Raúl Hernández Viveros
Cuando apareció mi breve texto La lucha, me encontraba en una encrucijada: continuar con la escritura de un proyecto literario o abandonar toda tentativa vinculada con la fantasía. Fue inevitable rendirme al llamado de la palabra escrita.
Al mismo tiempo, me vi envuelto en labores de apoyo a las protestas estudiantiles que estremecieron la capital del estridentismo. Aquellos meses fatídicos de 1968 obligaron a muchos a huir a toda prisa de la crisis nacional. Yo respondí al desafío enviando un material a Edmundo Valadés, con el orgullo íntimo de haber publicado un cuento breve. Esa primera aparición significó un respaldo decisivo para mi naciente vocación. En ese mismo número 38 descubrí a John Cheever, y la lectura de El nadador se convirtió en un punto de partida: allí la literatura se desmoronaba entre recuerdos y cuentas pendientes con uno mismo, con la vida cotidiana velada por su propio misterio.

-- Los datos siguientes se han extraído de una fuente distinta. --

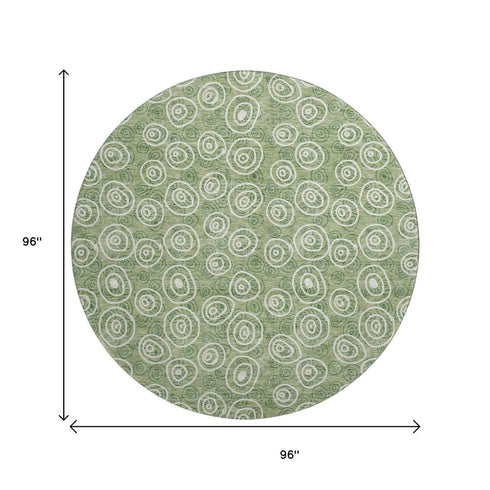8' Green And Ivory Polka Dot Washable Round Rug With UV Protection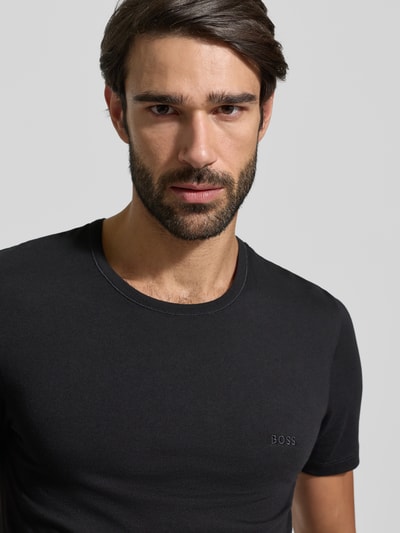 Männermodel trägt T-Shirt mit Label-Stitching im 3er-Pack Modell 'Classic' von BOSS in Schwarz, reine Baumwolle, Nahaufnahme Oberkörper.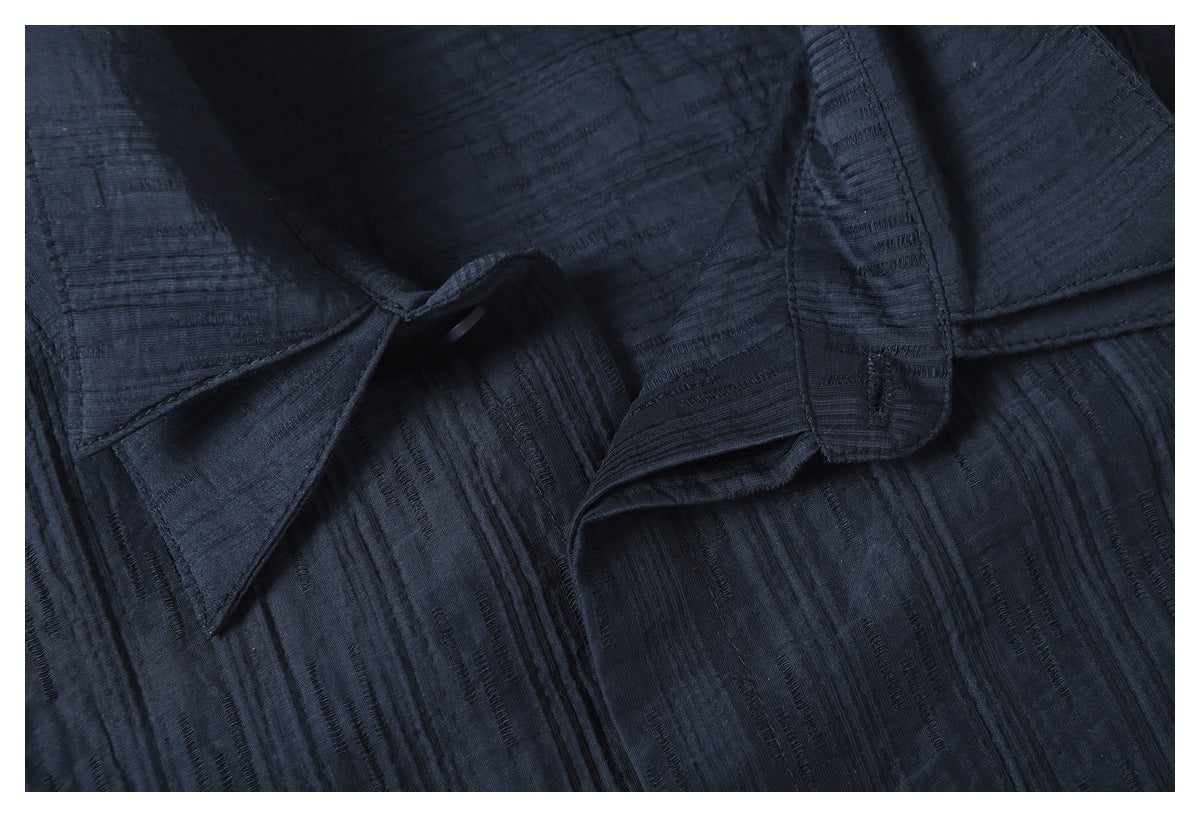 Close-up of the pointed collar and upper button area of a dark navy textured shirt.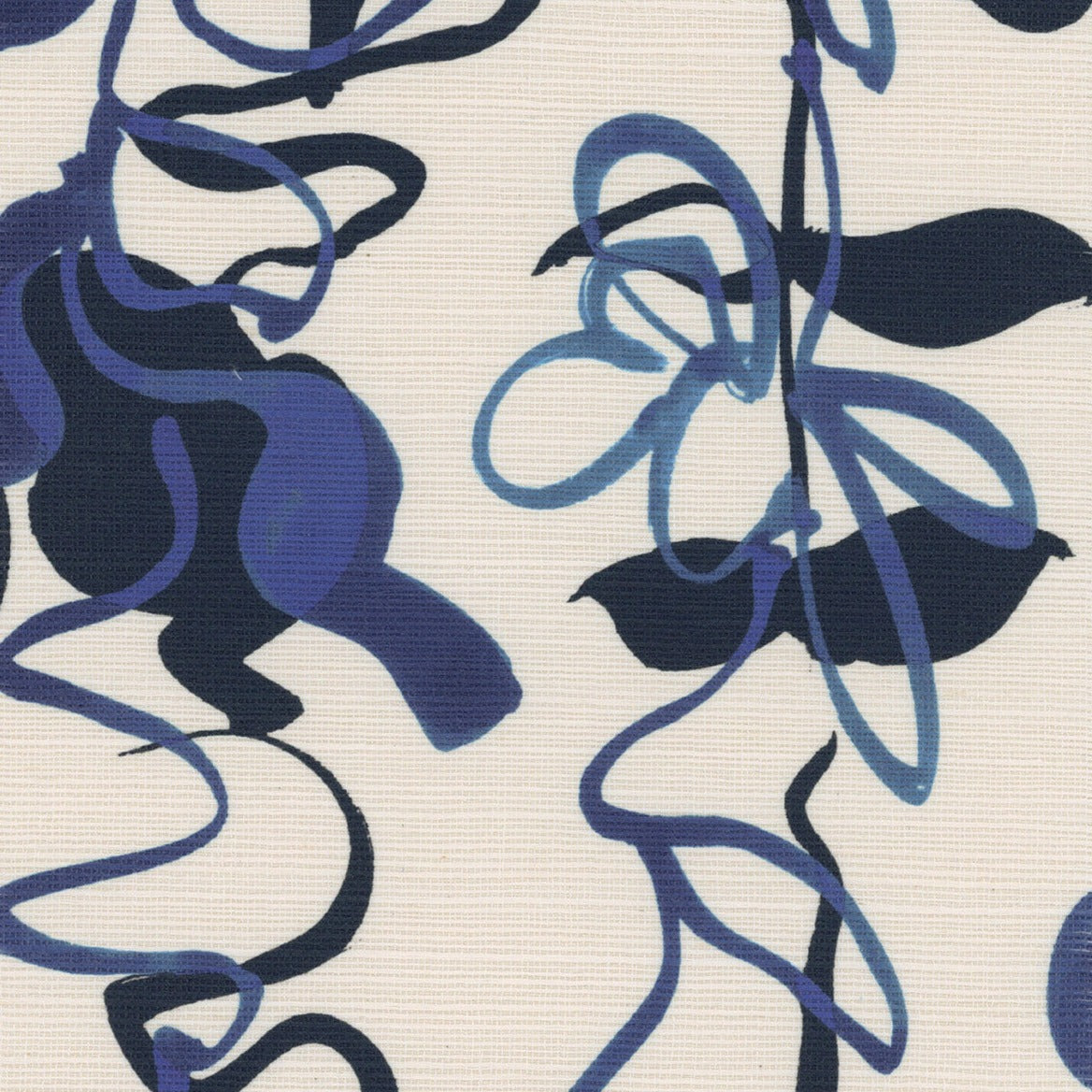 Close-up of grasscloth wallpaper with blue floral line drawings on a textured off-white background.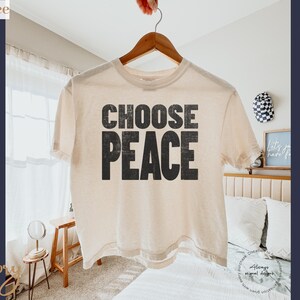 May include: An ivory-colored short-sleeve t-shirt featuring the text CHOOSE PEACE in a bold, distressed black font centered on the chest. The garment has a crew neckline and a boxy, relaxed fit, hanging from a wooden hanger against a bright background.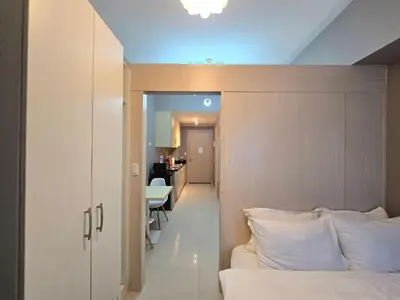 a bedroom with a bed and a dining room at 1BR Condotel with Balcony at SM Light Residences #LT13 in Manila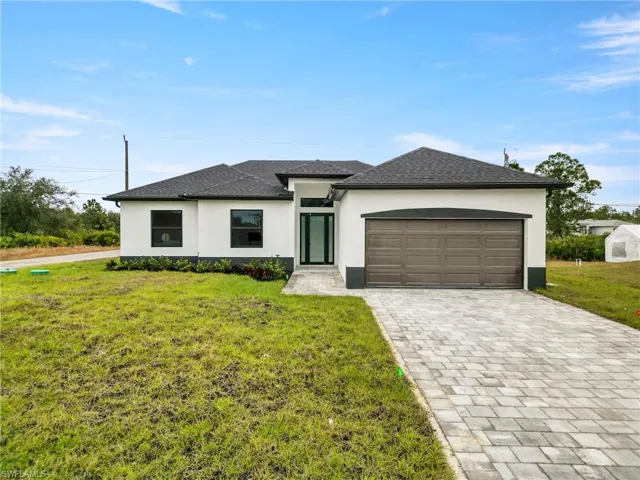 Prairie-style home with stucco siding, an attached garage, decorative driveway, and a front yard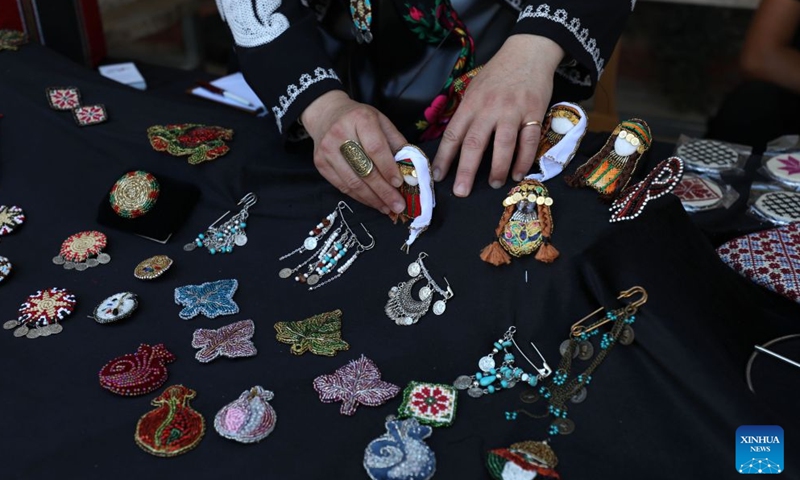 A vendor arranges products at the Harjeh Market in the West Bank city of Ramallah, July 3, 2026. The market is a vibrant cultural event that brings together a diverse selection of traditional handicrafts, handmade products, and local foods, offering visitors an opportunity to experience the richness and diversity of Palestinian heritage. It is held every Friday in Ramallah's Old Town from late June through early August. (Photo by Ayman Nobani/Xinhua)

Con el tiempo, comprendí que Cheever representaba un manantial inagotable: su escritura revelaba zonas íntimas y dolorosas que apenas alcanzamos a reconocer, hasta que un gesto o una melodía las despiertan. Para mí, bastó la publicación de unas líneas para sentir que existía; pero esa breve victoria me sumió también en un silencio mortal. Mientras tanto, la represión militar en la ciudad de México reforzaba la necesidad de huir y buscar alternativas. En 1968, en Xalapa, la persecución se limitó a la policía, pero igualmente aparecí en las listas de sospechosos: éramos los emisarios del mal, supuestamente sostenidos por “el oro de Moscú”.
Lo cierto es que mi único oro llegó en forma de libros rusos, sobre todo las obras de Antón Chéjov, que devoré en las noches de la huelga de estudiantes y maestros en Xalapa. También recibí cajas de ron enviadas por colegas cubanos, y conocí la embajada de Cuba en México, cuyo representante se apellidaba de Armas. Esa visita bastó para convertirme en sospechoso de vínculos con la isla. No obstante, fue gracias a la embajada de Polonia que obtuve la beca de escritor residente en Varsovia.
En 1969 llegué a Polonia con la simbólica carga de La lucha. Allí me crucé con William Clark Styron, que trabajaba en lo que después sería la novela La decisión de Sophie. Lo observaba en el bar del Hotel Bristol, rodeado de fotos y papeles, escribiendo sobre Auschwitz-Birkenau, ese abismo del siglo XX levantado cerca de Cracovia. Un día, Edward Stachura —mi hermano polaco y traductor en asuntos oficiales— me presentó a Styron, a quien saludé con un abrazo que aún recuerdo. Más tarde, Andrzej Sobol-Jurczykowski, traductor de Borges, me condujo por los rincones secretos de Varsovia, y entonces abandoné la rutina del Bristol para entregarme a la vida polaca y a su literatura.
Descubrí así a Witold Gombrowicz, cuya visión nos advertía que todos llevamos una máscara imposible de arrancar. Con Sergio Pitol, Vasco Szinetar, Lorenzo Arduengo y Mario Muñoz rendimos culto a su irreverencia. Bruno Schulz apareció como un secreto fulgurante, y Sławomir Mrożek desplegó ante mí la sátira del absurdo humano. También conocí a Stanisław Lem en 1969, confirmando que la fama era apenas un eco frente a la intensidad del tiempo vivido.
Sin embargo, nada escribí durante mi estancia. El invierno polaco me expulsó hacia el Piamonte, en Italia, tras las huellas de Cesare Pavese. En Santo Stefano Belbo y los viñedos de Diano d’Alba, Grinzane Cavour, La Morra y Monforte d’Alba, trabajé dos temporadas en la vendimia, sin dejar un solo verso ni un relato del paisaje que me rodeaba.
Al regresar, como el personaje de Cheever en El nadador, encontré mi casa vacía. Aún hoy, el silencio de aquellas paredes persiste: sólo queda la escritura frente al paso del tiempo, y un puñado de recuerdos extraviados en el camino hacia un destino que nunca deja de alejarse.